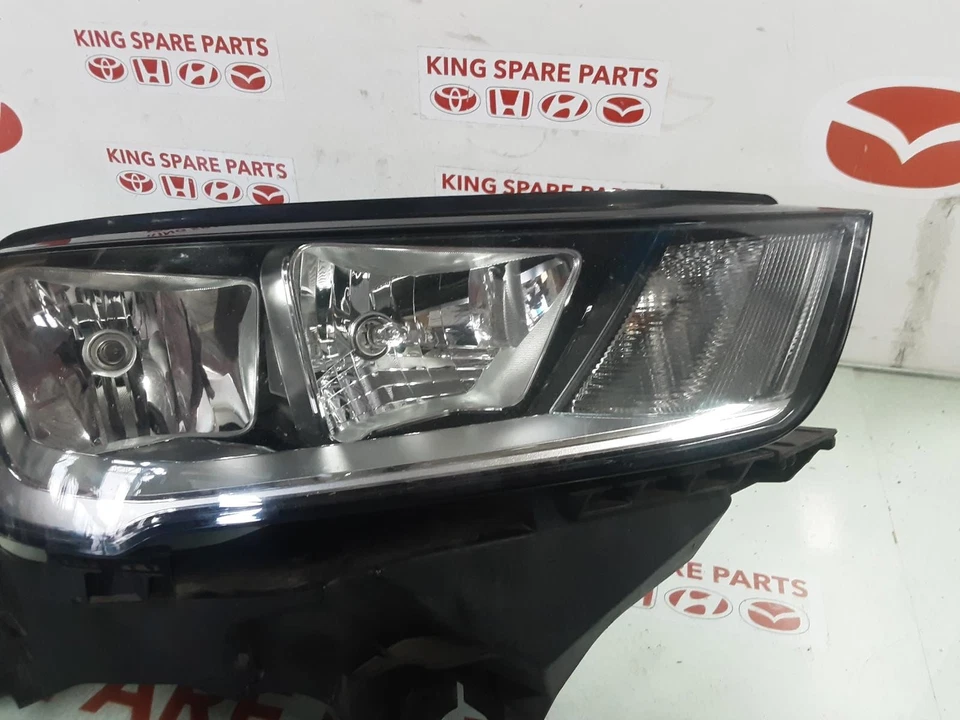 AUDI A1 RIGHT HEADLAMP 8X (UPDATE), A1, HALOGEN TYPE, 09/14-10/18 14 15 16 17 18 - image 3 of 4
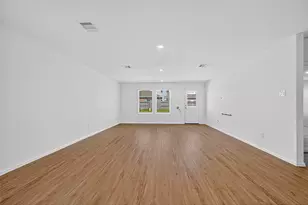 27130 Breakaway Ln, Katy, TX 77493 - Photo 9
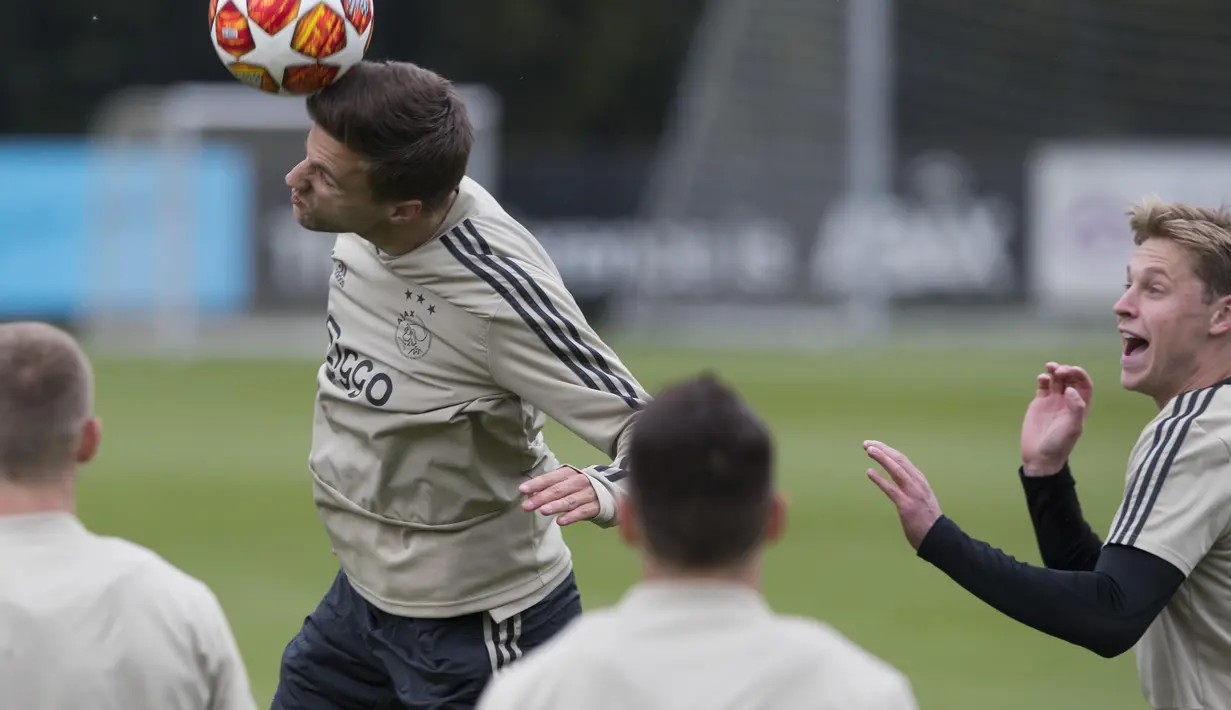 Pemain Ajax Amsterdam, Nicolas Tagliafico, menyundul bola saat melakukan sesi latihan jelang laga semifinal Liga Champions di Stadion Johan Cruyff, Rabu (8/5). Ajax Amsterdam akan berhadapan dengan Tottenham Hotspur. (AP/STR)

——————————

• _Task requirements_:
Extract all the data above exactly, excluding every picture.

• _Completed task_:
 AUDI A1 RIGHT HEADLAMP 8X (UPDATE), A1, HALOGEN TYPE, 09/14-10/18 14 15 16 17 18 - image 3 of 4
 27130 Breakaway Ln, Katy, TX 77493 - Photo 9
 Pemain Ajax Amsterdam, Nicolas Tagliafico, menyundul bola saat melakukan sesi latihan jelang laga semifinal Liga Champions di Stadion Johan Cruyff, Rabu (8/5). Ajax Amsterdam akan berhadapan dengan Tottenham Hotspur. (AP/STR)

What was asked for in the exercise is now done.